An Illusion of Profit Built Through Fake Dashboards
The fraud escalated rapidly. Once the victim’s money had been deposited, the online trading platform began showing what seemed like extraordinary gains. His balance appeared to grow to 2.76 lakh USDT, a figure that investigators now believe was fabricated to create a sense of legitimacy.
But when he attempted to withdraw 75,000 USDT — a fraction of the balance displayed — the request was rejected.
Behind the glossy dashboard was a classic mechanism familiar to cybercrime investigators: an unregulated platform that mirrors global crypto interfaces but exists solely to take in deposits, not process withdrawals. Fraudsters then introduce additional “fees” to stall or pressure victims, often demanding large sums to “unlock” funds.

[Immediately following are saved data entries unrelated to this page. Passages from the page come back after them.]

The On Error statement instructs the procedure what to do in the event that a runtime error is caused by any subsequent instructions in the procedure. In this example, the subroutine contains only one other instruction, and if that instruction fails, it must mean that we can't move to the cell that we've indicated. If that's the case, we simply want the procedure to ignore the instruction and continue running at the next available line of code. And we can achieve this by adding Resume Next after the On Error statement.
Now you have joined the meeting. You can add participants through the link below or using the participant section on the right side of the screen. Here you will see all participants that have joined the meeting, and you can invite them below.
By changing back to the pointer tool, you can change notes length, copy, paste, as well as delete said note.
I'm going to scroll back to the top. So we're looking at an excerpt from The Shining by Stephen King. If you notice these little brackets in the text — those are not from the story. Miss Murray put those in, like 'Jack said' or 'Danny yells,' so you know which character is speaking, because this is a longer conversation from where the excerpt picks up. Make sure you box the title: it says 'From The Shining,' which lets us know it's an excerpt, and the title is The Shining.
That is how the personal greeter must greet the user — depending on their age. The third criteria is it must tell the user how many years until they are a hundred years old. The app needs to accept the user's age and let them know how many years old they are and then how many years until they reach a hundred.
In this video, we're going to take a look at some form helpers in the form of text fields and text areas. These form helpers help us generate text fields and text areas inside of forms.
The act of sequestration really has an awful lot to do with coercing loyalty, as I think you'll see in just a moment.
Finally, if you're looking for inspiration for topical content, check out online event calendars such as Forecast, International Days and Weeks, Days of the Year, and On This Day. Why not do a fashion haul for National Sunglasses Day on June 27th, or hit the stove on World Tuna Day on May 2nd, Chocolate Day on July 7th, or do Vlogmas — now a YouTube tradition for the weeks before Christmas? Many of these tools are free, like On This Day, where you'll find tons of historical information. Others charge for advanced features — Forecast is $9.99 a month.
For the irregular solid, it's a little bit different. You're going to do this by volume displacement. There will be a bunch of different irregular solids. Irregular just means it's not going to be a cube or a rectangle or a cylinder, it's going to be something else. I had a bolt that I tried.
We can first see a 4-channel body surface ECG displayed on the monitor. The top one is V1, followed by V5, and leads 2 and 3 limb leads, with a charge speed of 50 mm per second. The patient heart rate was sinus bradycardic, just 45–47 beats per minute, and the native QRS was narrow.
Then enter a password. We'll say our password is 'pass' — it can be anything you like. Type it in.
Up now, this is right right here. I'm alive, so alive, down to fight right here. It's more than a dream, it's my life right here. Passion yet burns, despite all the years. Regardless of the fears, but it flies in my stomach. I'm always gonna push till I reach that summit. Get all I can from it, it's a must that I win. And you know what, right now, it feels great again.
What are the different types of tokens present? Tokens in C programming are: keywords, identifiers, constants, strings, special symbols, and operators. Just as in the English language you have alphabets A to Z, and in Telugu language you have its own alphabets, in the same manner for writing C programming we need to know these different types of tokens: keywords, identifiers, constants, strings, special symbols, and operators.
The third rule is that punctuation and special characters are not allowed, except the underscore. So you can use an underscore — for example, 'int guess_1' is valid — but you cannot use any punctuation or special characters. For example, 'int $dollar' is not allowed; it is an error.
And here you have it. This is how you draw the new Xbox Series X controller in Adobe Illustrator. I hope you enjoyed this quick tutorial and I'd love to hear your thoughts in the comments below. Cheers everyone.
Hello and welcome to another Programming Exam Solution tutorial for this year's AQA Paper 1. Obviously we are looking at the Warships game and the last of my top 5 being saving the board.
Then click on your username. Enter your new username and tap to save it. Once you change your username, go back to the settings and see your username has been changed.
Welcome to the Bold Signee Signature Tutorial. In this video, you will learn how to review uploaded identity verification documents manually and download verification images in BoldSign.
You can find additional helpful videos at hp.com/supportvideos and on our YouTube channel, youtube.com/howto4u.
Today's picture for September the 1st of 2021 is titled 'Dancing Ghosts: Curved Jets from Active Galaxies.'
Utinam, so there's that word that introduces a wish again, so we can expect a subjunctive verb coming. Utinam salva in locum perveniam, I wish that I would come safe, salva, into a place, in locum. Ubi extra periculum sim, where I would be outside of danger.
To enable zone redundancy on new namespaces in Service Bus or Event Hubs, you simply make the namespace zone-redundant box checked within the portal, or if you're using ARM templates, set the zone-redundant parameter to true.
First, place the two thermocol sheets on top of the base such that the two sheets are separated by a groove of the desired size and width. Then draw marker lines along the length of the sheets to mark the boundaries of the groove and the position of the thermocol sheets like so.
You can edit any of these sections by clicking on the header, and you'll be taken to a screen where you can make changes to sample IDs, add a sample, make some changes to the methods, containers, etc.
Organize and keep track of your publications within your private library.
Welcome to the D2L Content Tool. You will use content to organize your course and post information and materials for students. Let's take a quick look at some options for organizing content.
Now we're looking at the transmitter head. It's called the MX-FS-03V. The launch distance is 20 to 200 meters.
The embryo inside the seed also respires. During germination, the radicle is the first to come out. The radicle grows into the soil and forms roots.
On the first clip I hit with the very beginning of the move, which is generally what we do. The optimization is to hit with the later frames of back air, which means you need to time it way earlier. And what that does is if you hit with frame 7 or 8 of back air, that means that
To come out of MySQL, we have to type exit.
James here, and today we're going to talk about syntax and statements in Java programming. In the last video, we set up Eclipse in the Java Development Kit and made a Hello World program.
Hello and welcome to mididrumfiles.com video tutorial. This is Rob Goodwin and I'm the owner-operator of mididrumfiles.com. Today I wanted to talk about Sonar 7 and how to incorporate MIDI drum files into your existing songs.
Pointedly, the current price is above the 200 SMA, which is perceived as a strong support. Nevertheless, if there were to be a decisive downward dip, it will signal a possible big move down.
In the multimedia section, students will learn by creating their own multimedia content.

In this case, Gupta informed the victim he would need to deposit 30 percent of his total balance as a “risk assessment security fee.” When he said the amount was unaffordable, she claimed her uncle would pay on his behalf and urged him to contribute whatever he could. Under emotional and psychological pressure, he paid another ₹10 lakh.
Yet the demands continued.
A Pattern of Luring Victims From Social Media to Encrypted Channels
Cyber officials in Maharashtra say the case mirrors a growing trend: fraudsters first establish a personal bond, often posing as investment-savvy acquaintances, before moving victims to encrypted messaging apps where calls and messages become harder to trace.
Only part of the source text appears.